La déchéance de nationalité : un meurtre symbolique
« Le barbare, c’est celui qui croit en la barbarie ». Sibylline, la formule de Claude Lévi-Strauss signifie que la notion de « barbarie » qualifie une représentation du monde conduisant à dénier à l’Autre, c’est-à-dire à celui qui n’appartient pas à ma tribu, son appartenance à l’espèce humaine : « C’est celui qui le dit qui l’est » en quelque sorte. Les anciens peuples se désignaient eux-mêmes comme humains, et rejetaient spontanément les étrangers dans les ténèbres de la sauvagerie ou de la bestialité. On sait que les Grecs ont tenu pour « barbares » tous ceux qui n’étaient pas fichus de parler grec. Mais pourquoi évoquer aujourd’hui des visions du monde aussi archaïques, ridicules et déshonorantes ? Pour la raison suivante : nous avions cru pouvoir nous enorgueillir, depuis que nous avions accompli un certain « tournant axial de l’humanité » (1), de proclamer appartenir tous à une seule et même Humanité. Nous soutenions que la distinction entre Nous (les bons, les humains) et les Autres (non seulement étrangers, mais encore indignes de prétendre à l’humanité, inassimilables) n’avait plus cours depuis que trois Révolutions avaient avalisé l’idée que « les hommes naissent libres et égaux en droit », et ceci à titre définitif, non révocable. Nous déclarions que les êtres humains, c’est-dire tous les individus (les « Irremplaçables » de Cynthia Fleury), tenaient leur dignité et leur statut non pas de leur affiliation à une communauté ou à une ethnie, mais de leur appartenance à l’espèce humaine puisque : « Tout homme porte en lui la forme entière de l’humaine condition » (Montaigne).

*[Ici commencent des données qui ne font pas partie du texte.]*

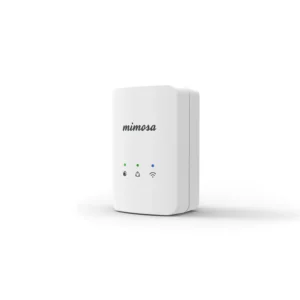 WI-FI ROUTER MIMOSA G2 GATEWAY AP REPEATER 802.11N 2X2 POE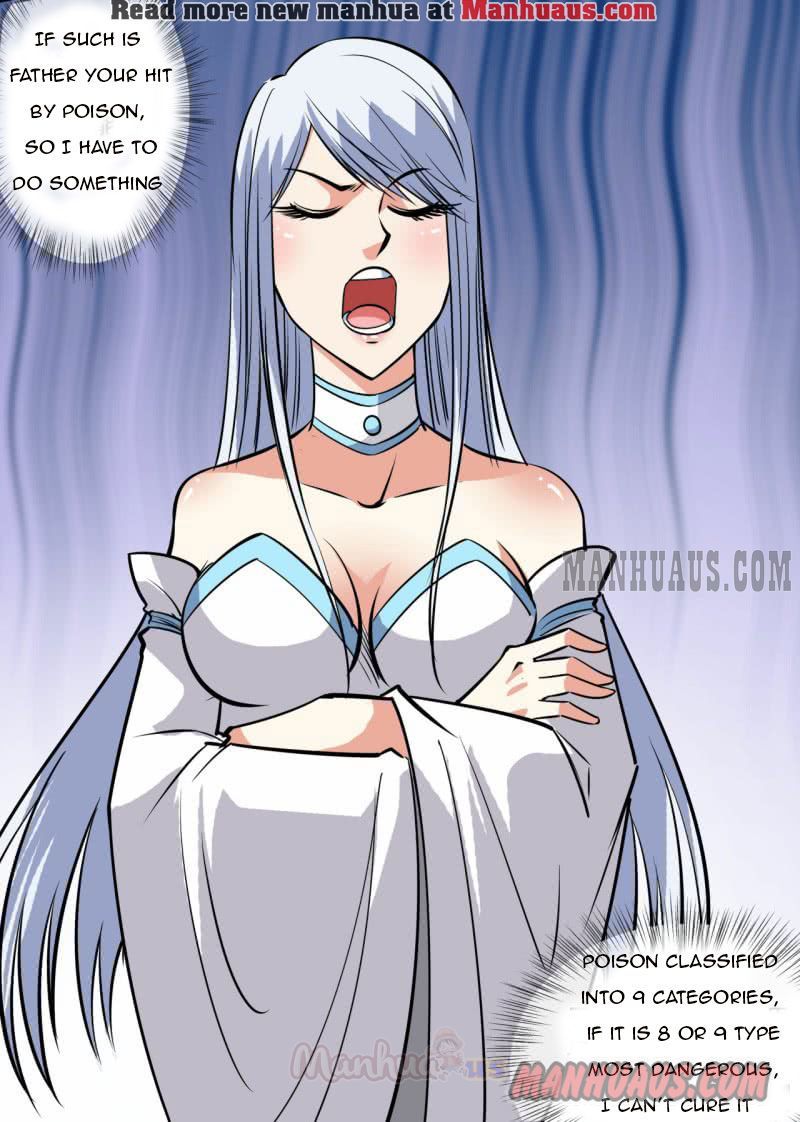 Page 6 of Chapter 56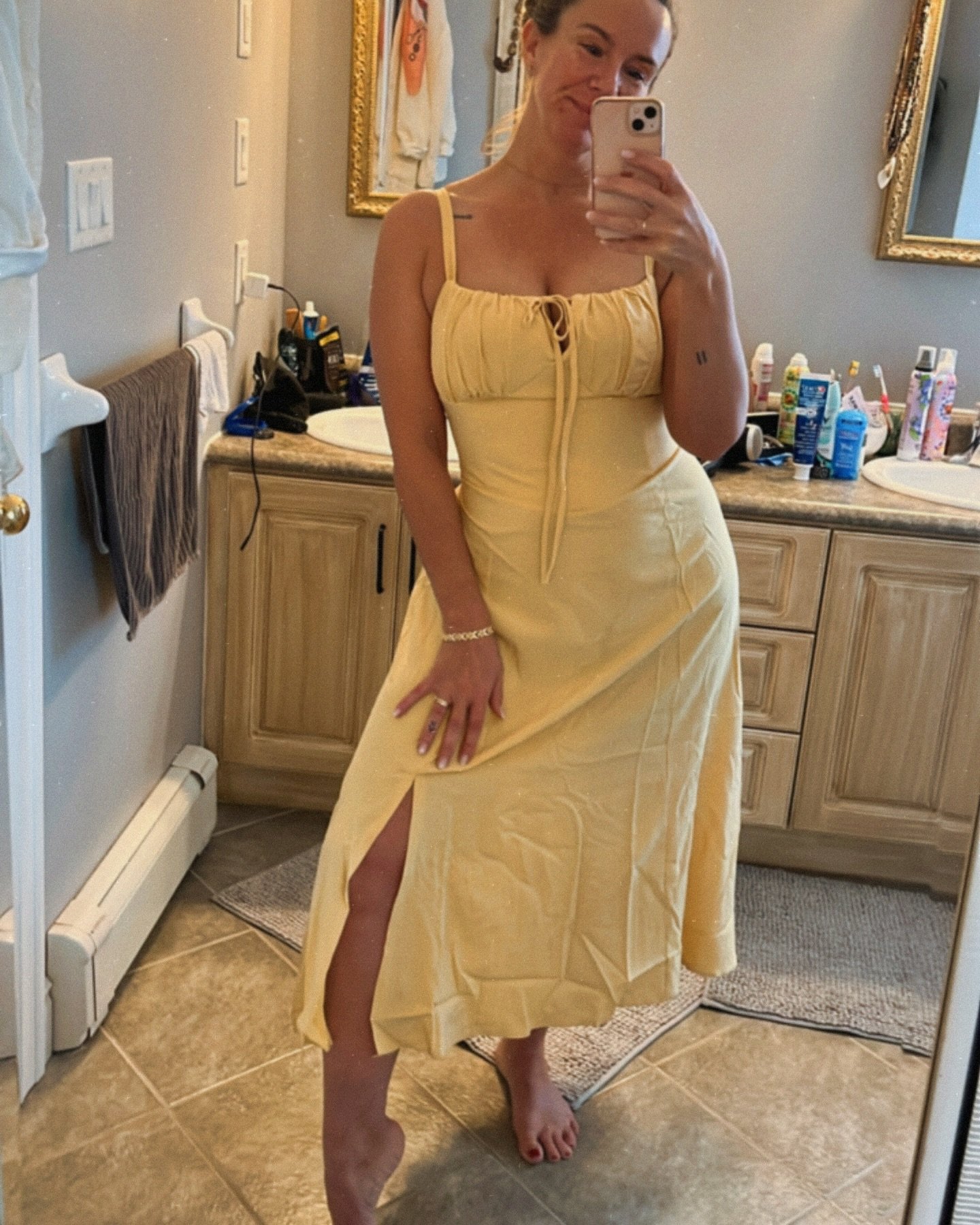 Off brand SORT OFF!! Here&rsquo;s a little insight into what happens in real life&hellip;

I&rsquo;ve been sad. There have been a few moments of loss and grief I&rsquo;ve been managing. Some confusion and heart break and heart mending and heart compa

« Tout homme est tout l’homme ». C’est cet axiome, socle de l’humanisme métaphysique, que le projet de déchéance de la nationalité française met à mal. S’il y a un point sur lequel les partisans et les adversaires du projet s’accordent, c’est que cette mesure n’est qu’un « symbole ». Or, ce que dit ce symbole, c’est que la sanction usuelle pour certains crimes ou même délits (lesquels exactement?) est insuffisante et inappropriée, qu’il faut lui substituer une peine qui frappe le criminel d’indignité, qui le déboute de son droit au statut d’humain, qui le renvoie clairement à sa condition de barbare. Le terroriste, c’est celui qui n’a plus sa place dans notre communauté ni dans aucune communauté. Ayant fait la démonstration de son inhumanité, il ne peut prétendre être réhabilité : on ne peut donc que l’éliminer. Puisque la peine de mort a été abolie en France – on se demande bien pourquoi d’ailleurs – puisque l’on ne peut pas le renvoyer au bagne ou dans un quelconque Guantanamo, il ne reste plus qu’une seule solution : le frapper d’infamie par un type de peine qui le disqualifie une fois pour toutes en tant qu’être humain. La déchéance de nationalité est un meurtre symbolique qui relève beaucoup plus de la loi du talion que de la Justice au sens où nous l’entendons normalement dans un Etat de droit.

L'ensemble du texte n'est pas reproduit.